Ross Verba

No. 78, 77, 73
- Position: Guard

Personal information
- Born: October 31, 1973 (age 52) Des Moines, Iowa, U.S.
- Listed height: 6 ft 4 in (1.93 m)
- Listed weight: 305 lb (138 kg)

Career information
- High school: Dowling Catholic (West Des Moines, Iowa)
- College: Iowa
- NFL draft: 1997: 1st round, 30th overall pick

Career history
- Green Bay Packers (1997–2000); Cleveland Browns (2001–2004); Detroit Lions (2006);

Awards and highlights
- First-team All-Big Ten (1996);

Career NFL statistics
- Games played: 113
- Games started: 107
- Fumble recoveries: 3
- Stats at Pro Football Reference

= Ross Verba =

American football player (born 1973)

Ross Robert Verba (born October 31, 1973) is an American former professional football player in the National Football League (NFL). A 6'4", 305-lb. guard from the University of Iowa, Verba was a first-team All-Big Ten player in 1996. He was selected by the Green Bay Packers in the 1st round (30th overall) of the 1997 NFL draft.

Verba was the first rookie to ever start a Super Bowl at left tackle, when the Packers faced the Denver Broncos in Super Bowl XXXII. He played four seasons for the Packers from 1997 to 2000, and three with the Cleveland Browns from 2001 to 2004. In June 2005, having failed to obtain an upgraded contract, Verba rebated his offseason bonus in order to obtain his release from the Browns. After one season out of the league, Verba signed with the Detroit Lions for a final NFL season in 2006. He was released by the Lions on February 28, 2007, after spending eight games inactive with various injuries and being placed on injured reserve.

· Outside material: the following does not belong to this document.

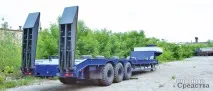 Перевезення гусеничної техніки – Основні засоби перевезення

Verba was arrested on January 4, 2007, in Wisconsin on a felony warrant for writing bad checks in Nevada and released one day later. According to the Wisconsin State Patrol, Nevada authorities lifted the warrant after Verba resolved a misunderstanding regarding an outstanding debt of $50,000 at the Wynn Las Vegas casino. Subsequently, Verba was arrested in 2009 on another Nevada warrant for failing to pay a $26,000 gambling debt at the Palms Resort and Casino.